● Exercise inputs:
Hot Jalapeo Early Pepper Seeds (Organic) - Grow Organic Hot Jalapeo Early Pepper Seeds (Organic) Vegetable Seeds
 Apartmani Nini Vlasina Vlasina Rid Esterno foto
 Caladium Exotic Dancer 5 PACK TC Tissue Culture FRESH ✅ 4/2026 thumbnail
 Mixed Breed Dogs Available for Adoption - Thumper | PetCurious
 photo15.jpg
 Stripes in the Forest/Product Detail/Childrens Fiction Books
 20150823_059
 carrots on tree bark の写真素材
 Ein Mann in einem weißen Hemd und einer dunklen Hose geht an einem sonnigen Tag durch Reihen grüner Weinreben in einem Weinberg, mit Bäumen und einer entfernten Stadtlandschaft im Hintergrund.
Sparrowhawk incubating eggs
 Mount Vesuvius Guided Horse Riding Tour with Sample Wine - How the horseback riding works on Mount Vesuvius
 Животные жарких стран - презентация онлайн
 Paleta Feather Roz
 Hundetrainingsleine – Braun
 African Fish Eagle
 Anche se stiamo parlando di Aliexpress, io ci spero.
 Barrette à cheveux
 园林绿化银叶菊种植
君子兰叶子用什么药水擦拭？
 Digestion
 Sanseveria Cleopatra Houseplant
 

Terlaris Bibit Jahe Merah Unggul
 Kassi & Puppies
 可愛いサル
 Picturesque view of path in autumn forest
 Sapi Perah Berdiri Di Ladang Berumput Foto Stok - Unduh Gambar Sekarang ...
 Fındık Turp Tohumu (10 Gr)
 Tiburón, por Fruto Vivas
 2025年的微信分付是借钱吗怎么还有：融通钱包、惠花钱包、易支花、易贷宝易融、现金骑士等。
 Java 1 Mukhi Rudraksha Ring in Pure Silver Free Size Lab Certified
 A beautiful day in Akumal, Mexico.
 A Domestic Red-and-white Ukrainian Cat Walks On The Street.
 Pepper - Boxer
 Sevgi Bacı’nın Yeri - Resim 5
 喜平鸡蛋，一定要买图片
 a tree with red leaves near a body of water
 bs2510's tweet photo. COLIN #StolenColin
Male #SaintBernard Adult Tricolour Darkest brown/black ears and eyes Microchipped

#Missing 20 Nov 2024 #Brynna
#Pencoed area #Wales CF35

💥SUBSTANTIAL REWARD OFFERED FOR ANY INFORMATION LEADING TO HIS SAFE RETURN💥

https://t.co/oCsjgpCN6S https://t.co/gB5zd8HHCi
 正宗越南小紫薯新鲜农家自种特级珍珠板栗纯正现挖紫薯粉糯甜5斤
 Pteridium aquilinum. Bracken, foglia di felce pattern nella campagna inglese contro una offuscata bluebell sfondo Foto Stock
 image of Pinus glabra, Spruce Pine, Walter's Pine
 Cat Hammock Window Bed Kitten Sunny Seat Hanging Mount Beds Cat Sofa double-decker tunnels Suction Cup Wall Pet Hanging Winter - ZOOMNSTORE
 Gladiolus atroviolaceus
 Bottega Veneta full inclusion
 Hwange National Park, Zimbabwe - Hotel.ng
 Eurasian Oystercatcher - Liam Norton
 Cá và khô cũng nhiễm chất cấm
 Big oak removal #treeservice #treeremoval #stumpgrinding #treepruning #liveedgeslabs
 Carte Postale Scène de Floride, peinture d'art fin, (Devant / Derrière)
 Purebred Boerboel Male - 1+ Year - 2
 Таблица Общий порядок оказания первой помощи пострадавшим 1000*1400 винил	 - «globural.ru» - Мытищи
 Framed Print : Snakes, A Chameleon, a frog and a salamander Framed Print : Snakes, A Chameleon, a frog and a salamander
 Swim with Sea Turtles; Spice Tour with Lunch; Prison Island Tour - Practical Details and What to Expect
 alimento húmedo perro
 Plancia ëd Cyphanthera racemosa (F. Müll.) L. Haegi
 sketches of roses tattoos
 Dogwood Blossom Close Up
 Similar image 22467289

● Exercise details:
For each line in the data that contains the string "Mount", give a copy of that line.

● Solution below:
 Mount Vesuvius Guided Horse Riding Tour with Sample Wine - How the horseback riding works on Mount Vesuvius
 Cat Hammock Window Bed Kitten Sunny Seat Hanging Mount Beds Cat Sofa double-decker tunnels Suction Cup Wall Pet Hanging Winter - ZOOMNSTORE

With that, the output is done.